6 responses to “Diversity, Multiculturalism, and Social Justice – Part 3

  1. Hey Vijay, my name’s Dan and I’m one of Sumi’s students. I like the distinctions you’re making between multiculturalism, diversity, and social justice. In fact, I see these distinctions not only played out in school administrations, but also Los Angeles politics. Tom Bradley’s “rainbow coalition” , while it did increase the representation of people of color in public service positions, had its limits in the actual economic gains for inner city communities, as we see in the 1992 LA uprisings. Bradley’s imagination of the city was still based on traditional growth politics, which heavily relied on this idea that growth is value neutral and what’s good for downtown is good for the whole city.

    Post 1992, and especially after 2000, I think we’re starting to see a shift from growth with diversity towards growth with equity (if that’s even possible). The Los Angeles Alliance for the New Economy, SCOPE, and a variety of other urban community groups are, I believe, leading a community-based imagination of Los Angeles, but this too has its limits. We see this with the Community Benefits Agreement with the development of L.A. Live or the Campaign for Clean and Safe ports, both of which tried to rework major economic developments.

    Drawing from bell hooks, I’m starting to see social justice based in social movement that is fundamentally about how to help each other love better. We critique not to say that you’re evil and racist, but rather that structures and culture have reproduced inequity, that often we’re complicit in this reproduction. This confines the freedom of all people to reach their potential, to better humanity, to love each other. As Freire discusses, the oppressed and the oppressor must work in fellowship and solidarity to redefine more human roles for each other.

    I’ve been doing some writing about this, and I’d love your opinion if you have some time! tiny.cc/YADDanStory

    Thanks for the blog!

    best,
    dan

    • Hi Dan, thanks for the feedback and awesome reflection! I just read the “Introduction to Dan” section of your blog and am wowed by your honesty and insightful reflection. Love your writing style and look forward to reading more of your work. How come you don’t set up an online blog? Why google docs?

  2. Vijay -

    Great collection of posts breaking down these three words/terms. I think you defined each one well — in a way that is accessible for both “seasoned” and new folks committing to social justice education. Keep on writing!

    • Julie, that’s great to hear that you think I struck the balance well.

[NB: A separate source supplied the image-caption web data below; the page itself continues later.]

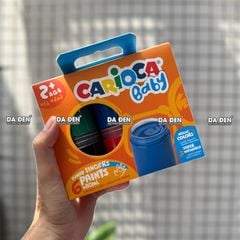 Màu Vẽ Sáng Tạo Trẻ Em Carioca Baby Finger Paint Cao Cấp
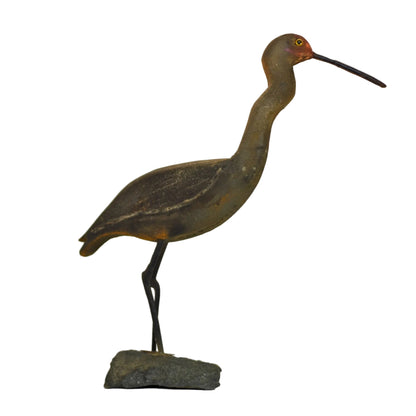 Signed Hand Carved and Painted Folk Art REDDISH EGRET SHOREBIRD 14” Tall by AL SCHATZLE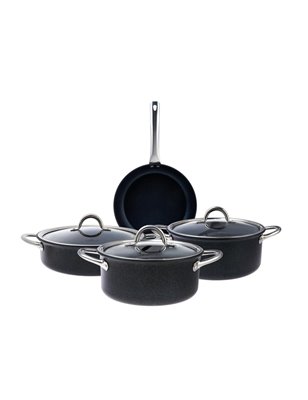 Schafer Vals Steel Cookware Set-7 Pcs.-Inox | Enplus Home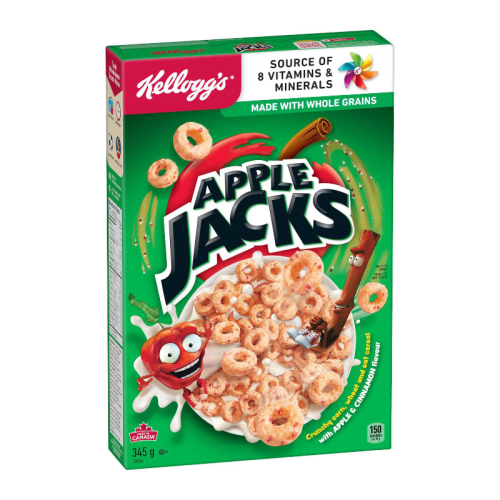 Kellogg's Apple Jacks Cereal - 320g [Canadian]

I worry about that – how to capture the important nuance and complexity of issues without losing audience members that aren’t as familiar with the work.

      Thanks for the feedback, Julie!

  3. I agree with Julie. You are achieving praxis between scholarly and theoretical foundations of Diversity, multiculturalism, and social justice while making the concepts themselves digestible and practical for reader and all levels of understanding. Theory has never been my strong suit. :) I like to define ‘social justice” as “activism”. I feel like we need to expand activism more broadly then we do contemporarily. It’s about more than marching and letter writing. activism is a lived, day to day, experience in my opinion. I’m reminded of a quote from a DUke faculty member Robyn Wiegman, “Activism is a negotiation with the present.” Oh, also, I loved your breakdown of social justice/activism. it really puts social justice work into perspective.

    • Marty, thanks for the great feedback! I like the framing of activism around the way we live our lives. A close colleague of mine at DePaul always challenges students to evaluate the worth of their college education not by what they think after college, but by how they live.